Raised on the streets of Roxbury, my mother grew up in a family of ten where ‘first come, first served’ was more than a byline. To compensate for her petite frame, she spoke sharply and loudly so no one missed her words or meaning. A tough cookie, she brooked little nonsense from her younger siblings, dressing and shuffling them off to school or whipping up a quick meal of beans and franks. She learned to be efficient in her own mother’s kitchen because free time and leftovers vanished faster than a clump of snow dumped on a hot sidewalk.
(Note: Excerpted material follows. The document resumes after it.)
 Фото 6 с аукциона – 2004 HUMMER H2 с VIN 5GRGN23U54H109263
After moving to suburbia, my mother quickly distinguished herself from the other mothers who lived among the rows of postage-stamp-sized houses. An easy feat for a feisty five-foot brunette who moved with the speed of an electric beater set on full blast and spoke with the tact of a swinging baseball bat. Direct and efficient, my mother didn’t let minor details like measuring first before cutting or asking the opinions of others because that would slow her down.
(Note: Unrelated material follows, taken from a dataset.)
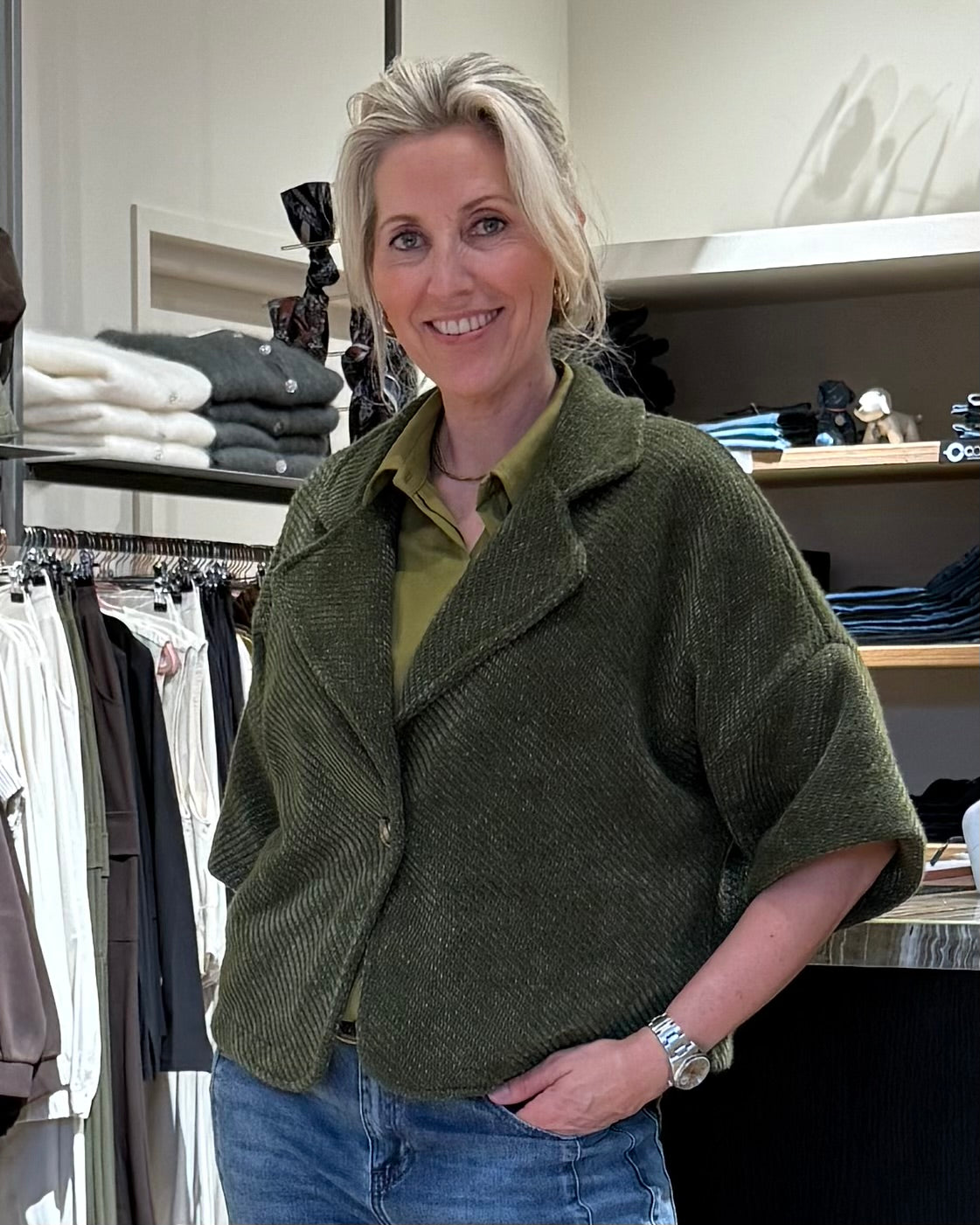 Fluffy Vest Jona Olijfgroen - Peet kleding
Besides — her way was the right way.

Such was her approach to making Christmas sugar cookies — don’t deviate from the plan, negotiate ingredients, or become distracted during the assembly process because she had it figured out. Baking was a simple process — stir, roll, cut — and one in which my mother didn’t care if I lopped off an angel’s wing or amputated Santa’s leg, just as long the cookies were prepped, which meant dousing the dough with Christmas-colored sugar crystals so she could slam them into the oven.
When the oven buzzed and my mother plunked the hot trays onto the stovetop, the moment was akin to the kid who asked Santa for a real pony only to get a coloring book about horses. Before me laid trays of missed expectations. Rows of misshapen Santas and wingless angels, their charred backsides and blackened edges, stared back accusingly as if to ask — what had we done wrong? Even the color had drained from the sugar crystals; the sharp margins melted and seared in the darkened dough. To add insult to injury, the cookies tasted as bad as they looked — burnt and bitter.

They were nothing but a bunch of tough cookies.

For years, we baked our too-burnt, too-tough cookies because tradition demanded, but once I matriculated to adulthood, I stopped making them because I could.
But then something changed. Someone offered me a homemade sugar cookie, and it looked nothing like the ones from my mother’s kitchen.
The cookie’s underside was pale yellow, and instead of faded sugar crystals, the cutout was decorated with a layer of translucence glaze and buttercream icing.

And the taste.

Sweet, buttery and light. Unlike our scorched cookies, I ate more than one.
Was my mother aware of this so-called sugar cookie, or perhaps the recipe was a recent development?

Like a scientist with irrefutable data, I approached my mother with proof.

“Did you know this is how a sugar cookie is made?” I pointed to the glossy photo in a holiday magazine. “And that they can look like this?”

“Of course I did.” She grinned, the corners of her mouth twitching.

I was confused. My mother enjoyed baking and cooking; did she have a particular vendetta against sugar cookies?

“So why burn them?” I asked.

Nonplussed, my mother shrugged and said, “No one asked me to make a second batch, did they?”